Robust range selection in this manner does carry the risk of introducing high bias into the algorithm. Therefore, it is also important for traders to test how using robust parameter values impact the overall performance or ability of the strategy to generalize well to unseen data.

Estimating Impact of Variable Spread & Slippage

At the time of writing (October 16, 2017) MetaTrader 4’s Strategy Tester does not yet ship with the ability to backtest with variable slippage simulation.
Traders can however run slippage simulations on their backtest results in a a few ways, three of which are:

By importing backtest results into a spreadsheet application (e.g. MS Excel), modifying Open/Close prices of trades with randomly generated values between a sensible range (e.g. between 0.1 and 2.0 or 5.0) and recalculating P/L.
By importing backtest results into a statistical computing environment such as R, GNU Octave or MATLAB and doing the same as in point (1) above.
Using 3rd-party commercial tools.

The same practice can be employed with variable spread simulation, as MetaTrader 4 currently ships with fixed spread testing available in the Strategy Tester.

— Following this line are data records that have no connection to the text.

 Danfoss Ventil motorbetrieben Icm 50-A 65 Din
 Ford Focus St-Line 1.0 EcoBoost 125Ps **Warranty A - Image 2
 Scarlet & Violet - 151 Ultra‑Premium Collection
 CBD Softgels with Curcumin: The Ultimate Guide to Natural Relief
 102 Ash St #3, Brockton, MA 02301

Maintaining Stable Underlying Strategy VaR

Making use of dynamic stop loss and take profit targets, proportionate to available account equity, allows for realistic backtest outcomes, and aids risk stability (especially if the trader intends on creating a DARWIN).

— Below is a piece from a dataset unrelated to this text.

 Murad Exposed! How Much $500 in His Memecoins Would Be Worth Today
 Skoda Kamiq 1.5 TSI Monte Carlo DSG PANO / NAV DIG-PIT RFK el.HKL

In trading strategies that increase or decrease position sizes by available equity, it is particularly important that minimum/maximum lot sizes be restricted to sensible ranges for the following reasons:

A lot size dropping below the minimum permissible lot size would result in trade rejection.
Lot sizes scaling too large in single trades (e.g. to 100 lots or above) would introduce capacity constraints during live trading that could possibly require fractional position sizing to address, depending on factors such as time of day, strategy capacity and available liquidity.
Such constraints would not be visible in a MetaTrader backtest, and without being factored in during strategy development, possibly create the illusion of an extremely profitable strategy with no liquidity considerations holding it back.

3) Variable Factors

In this final section, we discuss some considerations that trading strategies can benefit from during the design and post-backtest phases.

Correlation of Strategy Returns to Market Volatility

For a detailed discussion on this, please watch the webinar recording on Effects of Market Volatility on Trader Performance here.

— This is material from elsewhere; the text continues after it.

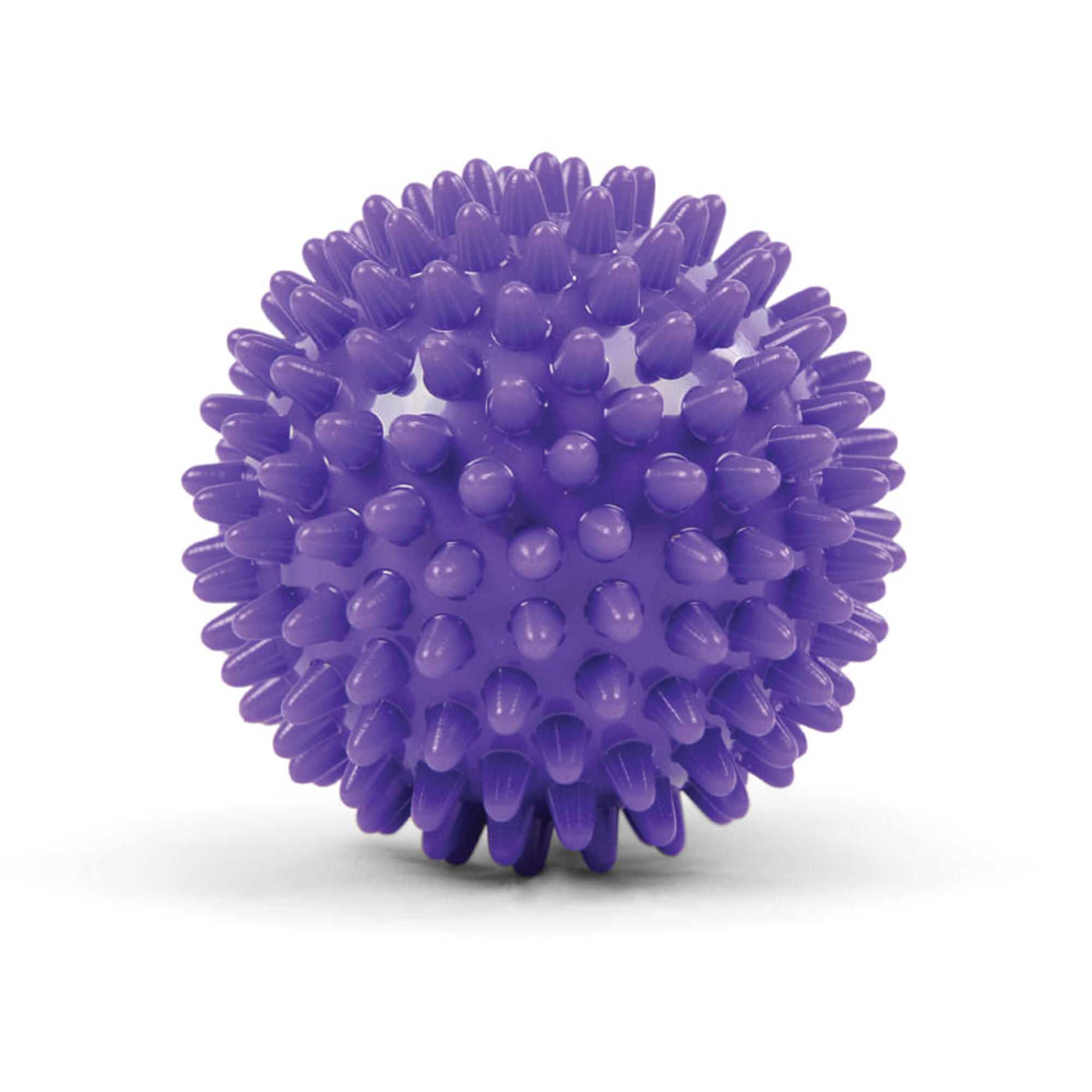 Spiked Massage Ball (Purple) 1/3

Testing for Market Correlation

Comparing the correlation of a trading strategy’s returns to those of its underlying assets, reveals the dependency of the strategy on the same.
A strategy with a low dependency on the assets it trades is less likely to demonstrate unexpected behaviours during periods of decline or sudden turbulence in underlying assets, as opposed to one that relies heavily on underlying asset returns.
To analyze a strategy for Market Correlation as well as 11 other investment attributes, traders are encouraged to upload backtests to the Darwinex platform, review scores and visualize the evolution of their strategies for each attribute.

Optimizing Position Sizes for Capacity

One of the ways in which a strategy’s overall investment capacity can be improved, is by implementing fractional order sizing as opposed to fixed, singular lot sizing.
For example, sending 10 orders of 1 lot each is a more scalable approach than sending 1 order of 10 lots.
For a detailed discussion on scalability, please watch our webinar recording on Scalability (now titled Capacity on the DARWIN Exchange)

Trading High Impact News

Strategies that trade during high impact news events are impacted negatively by sudden swings in variable slippage and spreads at the time of the event.
One way to reduce (if not eliminate) such negative impact is by having the strategy disable trading at pre-defined times or intervals corresponding to such events.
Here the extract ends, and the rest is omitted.